This report sounds like a piece of clerical humor; grim, maybe, but harmless and meaning nothing. Would to God this were true! Then perhaps the picture of these 30,000 shepherdless flocks might turn out to be only a nightmare. I tried to shake the thing out of my mind; but immediately the long line of my ministerial acquaintances passed unwillingly before me; and I solemnly affirm that, with a few princely exceptions, these men after being plunged into their ministry, coming up for air, as it were, faced toward the city parish as flowers turn toward the light; from the country, they struck out for the village; from the village, they struck out for the town; from the town, they struck out for the city; from the city, they struck out for the metropolis.
The Preacher’s Flight
The more I struggled to free myself from a conclusion on this matter, the deeper into conviction I sank. I recalled, much against my inclination, a bad half-hour several years ago at the headquarters of one of the great religious bodies of America. The occasion was the meeting of the National Social Service Commission of that denomination. I had just finished reading a report, which expressed the idea that we might look forward to the day when country parishes would be put up in packages containing people enough supporting one church, so that churches in the country would be as powerful, ministers in the country would be as influential, as city churches, on the one hand, and city ministers on the other. A captain of city industry was a member of the commission. During my paper, hands in pockets, he paced the floor up and down—somewhat to my discomfiture as I recall. When I concluded reading, he broke out with:
“Bosh! All bosh! The country church will always be of little account. It gets culls for ministers—it always has; it always will. Just as I left the farm for the city to improve my lot, so every country minister who can will leave the country parish for the city parish to improve his lot.”

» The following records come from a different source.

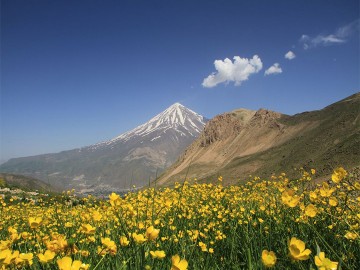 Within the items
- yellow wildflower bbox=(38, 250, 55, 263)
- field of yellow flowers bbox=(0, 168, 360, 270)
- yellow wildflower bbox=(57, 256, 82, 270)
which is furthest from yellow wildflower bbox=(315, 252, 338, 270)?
yellow wildflower bbox=(38, 250, 55, 263)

That I suffered a shock as if by lightning may easily be imagined. The steel-blue tone of this man did something to my heart; did something to my faith in human nature hard to define. This captain of industry—and I suspect that this is what did the damage—never seemed to question the legitimacy of the preacher’s flight. Representing, as he did, the leading laymen of his denomination, quietly accepting the exodus of country preachers as perfectly normal—because running true to the economics of good business instinct—he appalled me with his cynicism. And it took me many a month, I confess, to get back my belief in humankind. But it came back, and came back strong in the following manner:
Around the Glover’s Cot
By accident, one summer, I made a find; in one of the 30,000 pastorless parishes, a man lying prone on a cot; the cot standing on a stone-boat; the stone-boat lying close to a deep pool in the bend of a little river, in the shade of a great elm-tree; the man all alone, flat on his back, silently whipping the trout-pool with his fly. I came to believe in this helpless fisherman, and again all things good and beautiful seemed possible. I got the story from his sister, but can give only hints of it here.
As a boy on the farm he had made up his mind to get an education. At sixteen he was looking forward impatiently to beginning his courses of study, when one day in the woods a tree which the men folks were cutting down fell on him and broke his back. He never walked again, nor, in fact, ever again sat up. Doomed to lie on his back, all his hopes blighted, he asked for something to do with his hands. They gave him needle and thread, shears and a piece of buckskin. He made a pair of clumsy buckskin gloves. He made a less clumsy pair. He made pair after pair, better and still better. Then dozens of pairs, until his skill built up a small business. But his ambition mounted with success, and he asked whether he couldn’t study something.
“Can’t I study law?” he pleaded.
They got him law-books. He read law, he made buckskin gloves; he made gloves, he read law. He was admitted to the bar. He became justice-of-the-peace in his backwoods settlement. Men got to coming for miles to the glover’s cot to tell their troubles and look into his deep eyes, hear his counsel, and feel his glad hand. He was a real peacemaker under the guise of a lawyer. His ethics backed up to and rested upon the Sermon on the Mount. He bought land, hired it tilled, built himself a better house, and settled into the character of a country squire. He was of the little church flock, and the rest of the flock came to set great store by his good sense, his wholesome cheer, indomitable activity, and, withal, his straight reliance on God. In fact, the helpless glover’s dwelling was the meeting-place for the flock about as often as the church building; for everybody said, “We get new strength to keep a-going when we meet around the cot.”